1日の労働時間は14~17時間で休憩なしでした。
(食事はスキマ時間に各自の判断でサッと済ませる。)
休日は月2~4回。
1ヶ月で残業時間は180時間くらいでした。(残業代は一切ありません)
つまり総労働時間は360時間くらいだということです。
1年半程勤めて辞めましたが、僕が退職したあとに過労死された方もいました。
こういったブラック企業のニュースが流れるたびに、よく知らない人は
「そんな所、辞めればいいじゃん」と言います。
まあその通りなのですが、そういう判断力が失われるほどに精神が追い込まれていることは理解されていません。
会社としてはダメなのでしょうが、先輩や同僚が全員クズだというわけでは決してありません。むしろ良い人が多いです。彼らも必死に耐え抜いているのです。

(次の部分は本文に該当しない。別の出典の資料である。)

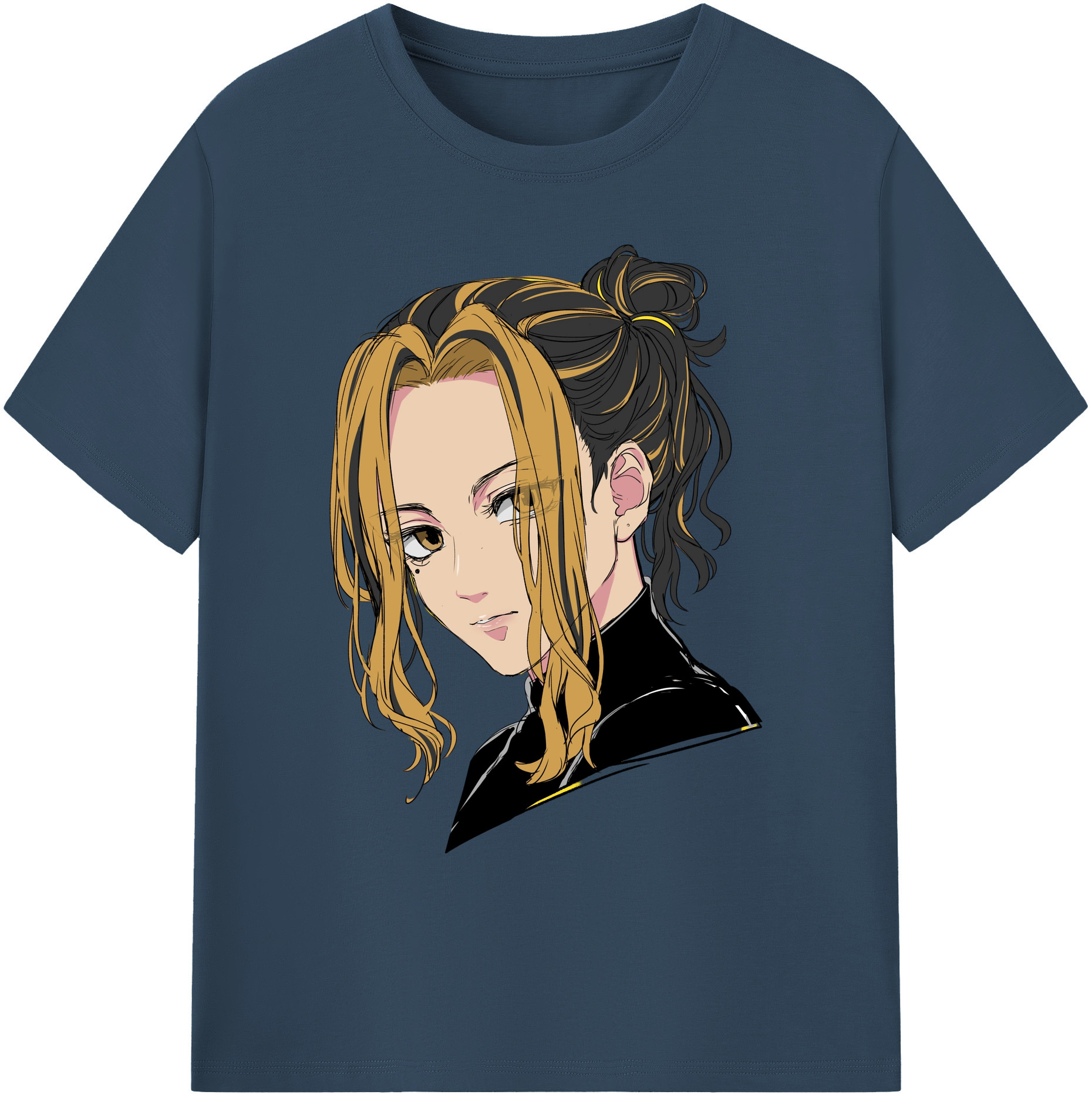 （画像用） 東京リベンジャーズ Tokyo Revengers 綿100％ メンズ半袖Tシャツ｜肌触りやわらか＆通気性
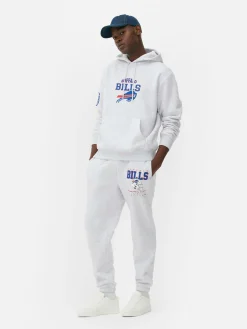 NFL Buffalo Bills Drawstring Hoodie|Primark Sale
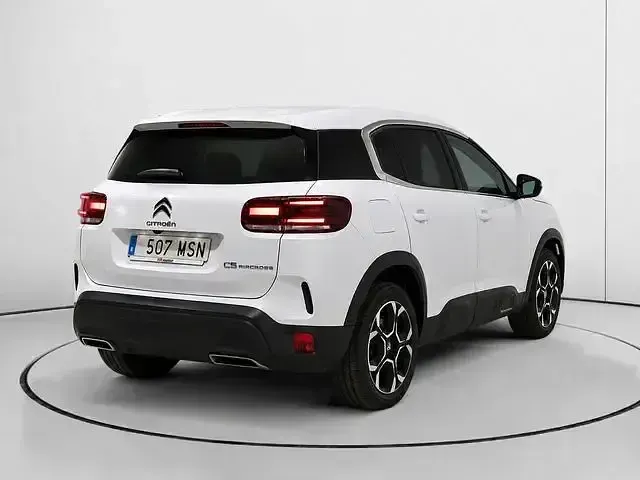 Usado Citroën C5 PureTech 131 CV (96 kW) 2024 Blanco Pickup/Camioneta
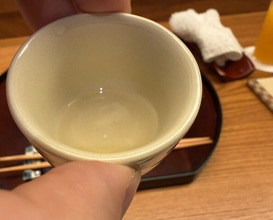 Dinner at Japanese cuisine Tagetsu (日本料理 太月)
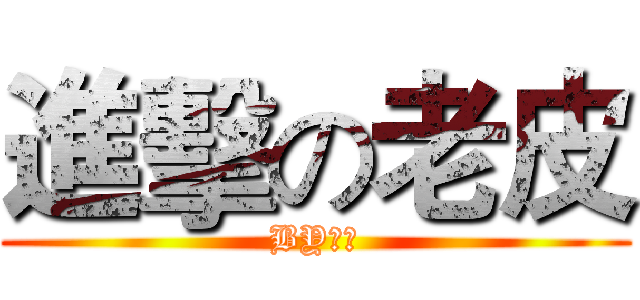進擊の老皮 (BY老皮)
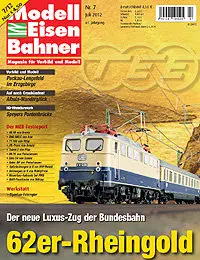Modelleisenbahner Magazin No 07 2012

自分が抜けたらもっと悲惨な状況になるという責任感から、今会社を辞めるという選択肢が頭に浮かばないのです。
マジメな人ほどそうなりがちです。
社会のことを知らずに新卒で入社してしまった場合もそうです。
他と比較できないので、今いる場所で頑張らないといけないと思ってしまうのです。
僕もこのマンガの主人公もまさにそのパターンでした。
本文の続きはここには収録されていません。